Indonesia merupakan negara dengan beragam kebudayaan. Kekayaan budaya tersebut dapat dilihat di Jawa Tengah, sebuah provinsi di pulau Jawa dengan ibukota Semarang. Selain makanan khas, tarian, dan lagu-lagu daerah, Jawa Tengah juga terkenal masih mengadakan upacara adat.
Setiap upacara adat memiliki makna tersendiri. Begitu juga dengan upacara-upacara adat di Jawa Tengah yang masih dilakukan masyarakatnya hingga kini. Simak beberapa upacara adat Jawa Tengah yang masih sering ditemukan, baik di kota kecil maupun di kota besar di Jawa Tengah:
Shutterstock.com
Ada sebuah upacara yang dipercaya masyarakat Jawa Tengah dapat menangkal dan membuang kesialan. Upacara tersebut dikenal dengan Upacara Ruwatan, bahasa Jawa dari “dibebaskan” atau “dilepaskan”. Masyarakat percaya bahwa Upacara Ruwatan ini dapat melepaskan seseorang dari hukuman, atau bahkan kutukan, yang akan merugikan dirinya dan mendekatkannya pada bahaya.

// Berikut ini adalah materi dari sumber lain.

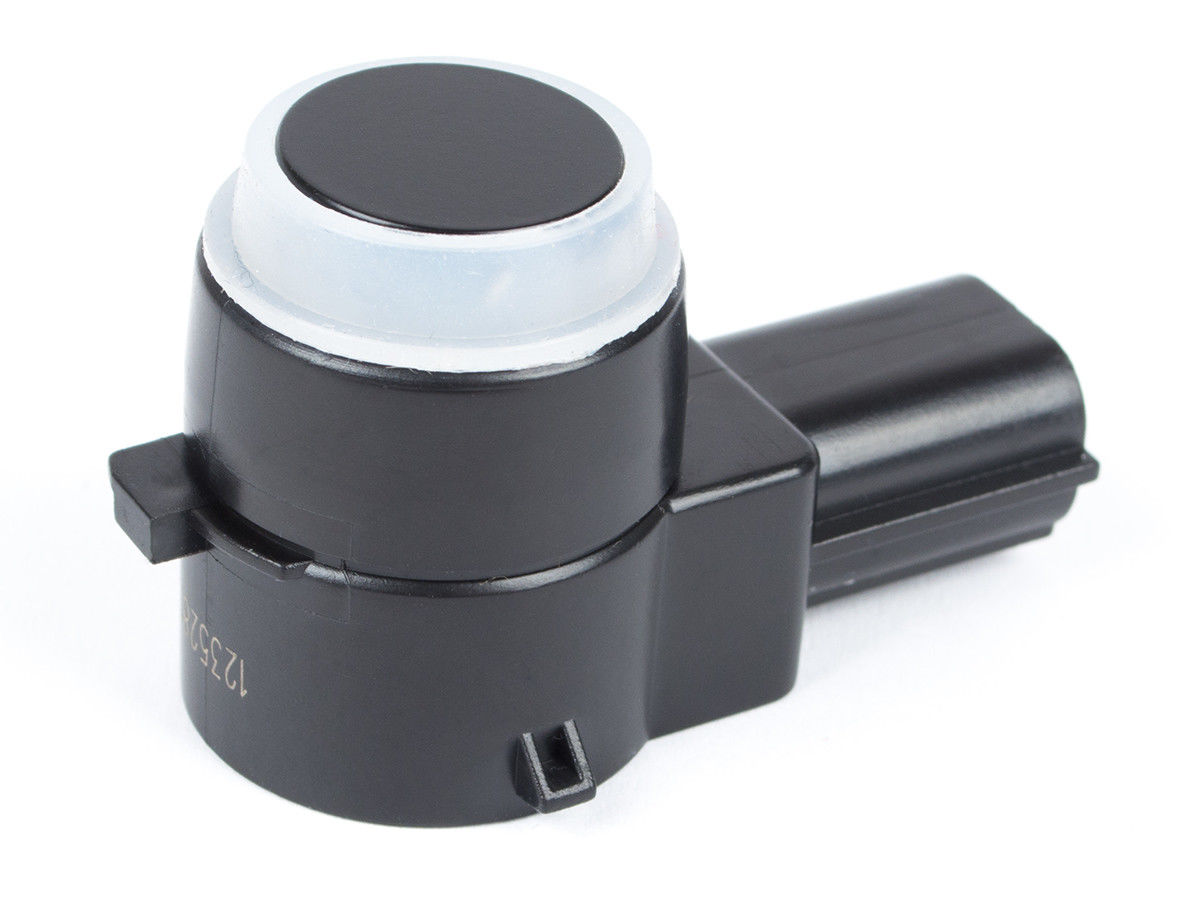 2x PDC Parksensor Sensor SET für Opel Adam Agila B Insignia Meriva A B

Asal-usul Ruwatan adalah dari kisah pewayangan, dimana Batarakala lahir dari hubungan Batara Guru dan Selir. Batarakala kemudian tumbuh menjadi orang yang jahat akibat Batara Guru yang tidak bisa menahan nafsunya. Batarakala yang jahat meminta agar ia bisa memakan manusia kepada Batara Guru, dan Batara Guru mengizinkannya, asalkan Batarakala hanya mengincar Wong Sukerta atau orang sial, misalnya anak tunggal.
Tentu Upacara Ruwatan terdiri dari beberapa tahap, termasuk dengan siraman, mengadakan sesajen, pemotongan rambut, dan tirakat.
Upacara Padusan berasal dari kebiasaan Walisongo yang menyatukan budaya Hindu dengan budaya Islam. Padusan berasal dari kata adus, bahasa Jawa yang berarti mandi. Masyarakat biasa melakukan upacara ini ketika bulan Ramadhan tiba, bertujuan untuk membersihkan diri lahir dan batin, sehingga mereka dapat memasuki bulan Ramadhan dalam keadaan suci dan bersih.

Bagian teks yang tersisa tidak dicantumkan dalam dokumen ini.